9

Under what circumstances does the readRDS() function in R try to load packages/namespaces? I was surprised to see the following in a fresh R session:

> loadedNamespaces()
[1] "base"      "datasets"  "graphics"  "grDevices" "methods"   "stats"    
[7] "tools"     "utils"    
> x <- readRDS('../../../../data/models/my_model.rds')
There were 19 warnings (use warnings() to see them)
> loadedNamespaces()
 [1] "base"         "class"        "colorspace"   "data.table"  
 [5] "datasets"     "dichromat"    "e1071"        "earth"       
 [9] "evaluate"     "fields"       "formatR"      "gbm"         
[13] "ggthemes"     "graphics"     "grDevices"    "grid"        
[17] "Iso"          "knitr"        "labeling"     "lattice"     
[21] "lubridate"    "MASS"         "methods"      "munsell"     
[25] "plotmo"       "plyr"         "proto"        "quantreg"    
[29] "randomForest" "RColorBrewer" "reshape2"     "rJava"       
[33] "scales"       "spam"         "SparseM"      "splines"     
[37] "stats"        "stringr"      "survival"     "tools"       
[41] "utils"        "wra"          "wra.ops"      "xlsx"        
[45] "xlsxjars"     "xts"          "zoo"     

If any of those new packages aren't available, the readRDS() fails.
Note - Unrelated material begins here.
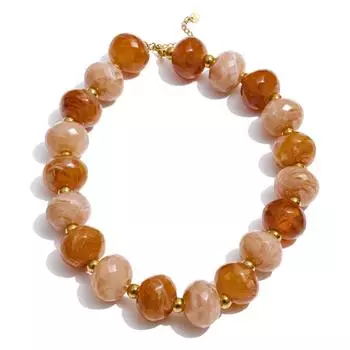 Eetit Resin Круглые бусины Ручная работа Ожерелье 2025 Женское Водонепроницаемая Нержавеющая сталь Персонализированные Осенне-зимние украшения Новинка янтарь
The 19 warnings mentioned are:

> warnings()
Warning messages:
1: replacing previous import ‘hour’ when loading ‘data.table’
2: replacing previous import ‘last’ when loading ‘data.table’
3: replacing previous import ‘mday’ when loading ‘data.table’
4: replacing previous import ‘month’ when loading ‘data.table’
5: replacing previous import ‘quarter’ when loading ‘data.table’
6: replacing previous import ‘wday’ when loading ‘data.table’
7: replacing previous import ‘week’ when loading ‘data.table’
8: replacing previous import ‘yday’ when loading ‘data.table’
9: replacing previous import ‘year’ when loading ‘data.table’
10: replacing previous import ‘here’ when loading ‘plyr’
11: replacing previous import ‘hour’ when loading ‘data.table’
12: replacing previous import ‘last’ when loading ‘data.table’
13: replacing previous import ‘mday’ when loading ‘data.table’
14: replacing previous import ‘month’ when loading ‘data.table’
15: replacing previous import ‘quarter’ when loading ‘data.table’
16: replacing previous import ‘wday’ when loading ‘data.table’
17: replacing previous import ‘week’ when loading ‘data.table’
18: replacing previous import ‘yday’ when loading ‘data.table’
19: replacing previous import ‘year’ when loading ‘data.table’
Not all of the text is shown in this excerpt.